Mr Cleary said he has been offered money to change a person’s running time, but it has not been “a substantial sum”.
“We seem to have about 30 to 40 requests every year to change a person’s time, but obviously we’ve never done this.
“It could be because there’s a bet on in a workplace, or there’s competition between a husband and wife, or friends who have been running together for a while, and one of them wants to do that little bit better than the other,” he explained.
He continued: “That’s 100% true. I can guarantee it will happen again this year. Some people start off by ringing up and saying ‘There must be something wrong with my running chip. I was definitely going faster than that.’ Then at times we have gone through the records and thousands of photos at the finishing line, and we say to people ‘Well, there’s a clock over your head in this picture and it has the same time’. Then they tell you the real reason,” he said, with a laugh.
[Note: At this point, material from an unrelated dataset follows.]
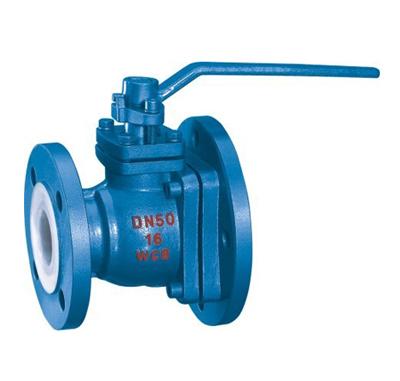 Fluorine discharge valve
In most cases, he said people offer to “buy you a pint”, rather than offering cash.
“It is funny. Most of the people who come forward I wouldn’t know at all. For a lot of people it’s just a but tongue in cheek, and usually they just want to make their time a little bit faster. Though we had one man who rang up asking about his time, and he didn’t finish the race at all, which we found out after going through thousands of pictures,” he said.
Over 4,000 people have now entered the Great Limerick Run on Sunday, May 6, with a maximum of 8,000 people expected to take part in the June Bank Holiday weekend.
Mr Cleary said the organising team and An Garda Siochana will also be clamping down on people who enter the race without paying to do so and wrongly pass the finishing line to claim a medal.
“We have never tried to stop it before, but this year we will be taking people off the road. This is an issue with every race and hundreds of people do it. Unfortunately we have to remove them from the race.
“The message we want to send out is that anyone trying to run without a number will be removed from the course. People say to themselves ‘I’ll run it, get a medal and not pay for it’, but other people then lose out on their medal at the finishing line. We have lots of photos of people crossing the finishing line with no race numbers,” he said.
Mr Cleary said last year 1,500 people signed up for the race at the Expo in the days leading up to the race, but warned people to enter early to avoid disappointment as the race has been capped at 8,000 people this year. There has been huge interest, he said, in a new addition to the third annual walk - a walkers’ marathon.